No mundo inteiro, as festividades de junho marcam a mudança de estação e o solstício, no hemisfério norte, do Verão e no sul, do inverno. Não se sabe quando começaram estas tradições que, de um modo ou do outro, ocorrem nos diversos continentes e culturas. Nos Andes, a cada ano, no dia 21 de junho, as comunidades indígenas celebram o ano novo andino com a festa do Sol. Aqui no Brasil, não se associam festividades juninas com o ano novo, mas, em várias regiões brasileiras, é tempo de colheita no campo, por isso de fartura e festa. Este ano, no Nordeste, castigado por inundações terríveis que assolaram vários Estados, a colheita está ameaçada, mas isso não impede que, em todas as cidades, principalmente do interior, desde o começo de junho, se organizem festividades e brincadeiras que, na cultura sertaneja, marca a temporada junina.
Certamente, alguns elementos destes festejos, como a fogueira, as comidas de milho no Nordeste e o quentão no Sul, vêm de tempos imemoriais e remetem a celebrações indígenas da Mãe Terra e da colheita. Outros costumes são mais recentes. Incorporam tradições da cultura ocidental e da fé cristã, assim como ritos da sociedade da roça. Há muitos séculos, a Igreja incorporou as festas da natureza. Em Roma, no século IV, a festa do Sol se transformou no Natal, assim como os festejos do solstício de verão tomaram a forma da celebração do nascimento de São João Batista. De fato, se o Cristo é como o Sol que nasce para “iluminar os que jazem nas trevas e na sombra da morte”, João Batista é apresentado no Evangelho como fogo que arde por um tempo e lâmpada que faz brilhar a luz que é o Cristo. Os relatos do nascimento de João prevêem que, “pelo seu nascimento, muitos se alegrarão”. Os cristãos sempre acharam que as festividades juninas cumprem, de certo modo, esta profecia.
No Brasil dos tempos da escravidão, negros índios e pessoas pobres não podiam fazer festa com suas tradições próprias.

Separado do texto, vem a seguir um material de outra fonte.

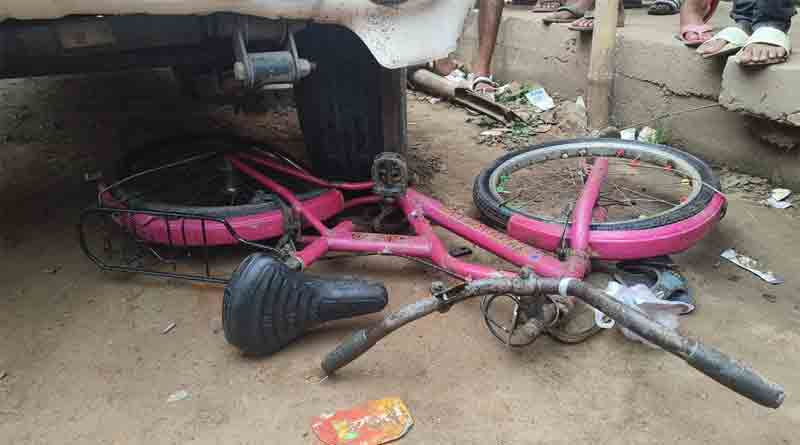 Student of class IV died in accident in Nadia | Sangbad Pratidin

Eram obrigados a imitar as danças e festejos dos seus senhores. Assim, nas festas juninas, entrou o costume da Quadrilha que veio da Corte Imperial e dos bailes da aristocracia, assim como outros costumes que se espalham pelo país. Algumas tradições vêm das lembranças do interior, como o casamento caipira e os bailes característicos destas festas. Nas encenações, o povo caricatura autoridades como o padre e o juiz de paz. Ali, aparece o que, muitas vezes, as pessoas, no cotidiano da vida, pensam destas figuras, mas não falam. É pena que o protótipo do caipira e de quem vive no interior também seja caricaturado, às vezes até ridicularizado e com desprezo social.
É preciso sempre distinguir onde as festas ocorrem dentro de um contexto comunitário e popular e onde, ao contrário, se tornou mero produto do turismo estilizado que se traveste de tradição, mas apenas para visar maior lucro e até consolidar discriminações seculares.
Seja como for, a persistência das tradições juninas no meio do povo, em todas as regiões do país, revela a resistência cultural do povo empobrecido à cultura de massas, imposta pelos meios de comunicação que ainda apostam como “cultura popular” em programas sensacionalistas de conteúdo policial e com derramamento de sangue, como também nos Big-Brothers globais. Esta resistência das comunidades populares e, em geral, do interior não é estranha à memória histórica de João Batista, o profeta que desafiou reis, denunciou os poderes iníquos que se aproveitavam do povo pobre e, no deserto, anunciou a presença divina no ser humano, assim como revelou um tempo novo de justiça e graça. Não é necessário “batizar” ou “catolicizar” estas festas com algum rito ou gesto explicitamente cristão para que estas celebrações populares sejam, no seu espírito, de conteúdo profético e até espiritual. Elas nos recordam que a adoração a Deus não tem de ser sisuda e sem graça, assim como, mesmo nas brincadeiras e até no erotismo das pessoas se revela o amor divino.